*Material for the task*.
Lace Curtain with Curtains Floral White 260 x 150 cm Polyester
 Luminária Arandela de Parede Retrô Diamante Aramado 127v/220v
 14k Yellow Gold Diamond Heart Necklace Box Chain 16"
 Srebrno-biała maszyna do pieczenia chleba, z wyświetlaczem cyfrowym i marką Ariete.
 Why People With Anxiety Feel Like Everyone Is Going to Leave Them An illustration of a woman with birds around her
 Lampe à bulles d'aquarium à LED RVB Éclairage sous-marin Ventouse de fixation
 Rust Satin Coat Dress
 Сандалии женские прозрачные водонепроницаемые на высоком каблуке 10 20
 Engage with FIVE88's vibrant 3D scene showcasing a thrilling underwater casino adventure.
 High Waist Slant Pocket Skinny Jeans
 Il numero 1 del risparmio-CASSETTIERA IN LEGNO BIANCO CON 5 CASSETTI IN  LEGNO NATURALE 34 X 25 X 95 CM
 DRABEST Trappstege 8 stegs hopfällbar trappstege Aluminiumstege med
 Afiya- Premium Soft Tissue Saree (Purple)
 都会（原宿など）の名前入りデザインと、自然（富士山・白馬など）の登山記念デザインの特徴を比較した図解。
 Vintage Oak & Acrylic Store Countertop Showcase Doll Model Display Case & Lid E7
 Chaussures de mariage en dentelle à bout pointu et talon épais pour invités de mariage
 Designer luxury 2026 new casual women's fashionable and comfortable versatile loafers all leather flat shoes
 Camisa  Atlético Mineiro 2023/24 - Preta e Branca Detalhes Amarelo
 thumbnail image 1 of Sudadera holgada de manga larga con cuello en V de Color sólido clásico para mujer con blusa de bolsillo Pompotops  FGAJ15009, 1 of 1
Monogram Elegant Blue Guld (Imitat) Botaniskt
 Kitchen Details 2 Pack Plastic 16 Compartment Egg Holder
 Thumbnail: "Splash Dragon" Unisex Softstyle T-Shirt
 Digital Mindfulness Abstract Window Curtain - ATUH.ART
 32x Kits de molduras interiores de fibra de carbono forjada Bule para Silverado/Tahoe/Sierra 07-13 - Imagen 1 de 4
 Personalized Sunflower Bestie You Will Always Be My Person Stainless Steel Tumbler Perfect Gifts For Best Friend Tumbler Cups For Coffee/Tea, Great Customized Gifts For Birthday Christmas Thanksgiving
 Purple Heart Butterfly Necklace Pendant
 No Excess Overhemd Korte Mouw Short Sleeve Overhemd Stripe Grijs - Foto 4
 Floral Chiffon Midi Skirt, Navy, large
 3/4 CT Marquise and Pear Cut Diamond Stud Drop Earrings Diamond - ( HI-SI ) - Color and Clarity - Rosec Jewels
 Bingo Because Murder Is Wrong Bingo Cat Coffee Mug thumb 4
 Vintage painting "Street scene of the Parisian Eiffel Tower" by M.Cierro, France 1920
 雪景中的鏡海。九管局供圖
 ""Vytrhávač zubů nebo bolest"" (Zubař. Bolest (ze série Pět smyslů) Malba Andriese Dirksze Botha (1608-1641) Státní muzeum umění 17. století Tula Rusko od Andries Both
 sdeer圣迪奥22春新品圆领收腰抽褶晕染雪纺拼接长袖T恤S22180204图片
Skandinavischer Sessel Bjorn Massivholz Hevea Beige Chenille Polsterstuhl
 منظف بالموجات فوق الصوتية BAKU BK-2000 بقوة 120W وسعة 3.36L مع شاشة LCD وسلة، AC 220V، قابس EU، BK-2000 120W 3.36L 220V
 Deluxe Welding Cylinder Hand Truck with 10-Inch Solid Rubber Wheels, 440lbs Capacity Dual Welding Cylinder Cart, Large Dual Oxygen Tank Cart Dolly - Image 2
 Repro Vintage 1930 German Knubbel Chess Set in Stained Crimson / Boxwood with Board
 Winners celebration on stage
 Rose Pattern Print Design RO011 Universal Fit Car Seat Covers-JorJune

*Exercise instructions*. Where a line of the data above includes "Color", copy that line.

*Output for this task*.
 thumbnail image 1 of Sudadera holgada de manga larga con cuello en V de Color sólido clásico para mujer con blusa de bolsillo Pompotops  FGAJ15009, 1 of 1
 3/4 CT Marquise and Pear Cut Diamond Stud Drop Earrings Diamond - ( HI-SI ) - Color and Clarity - Rosec Jewels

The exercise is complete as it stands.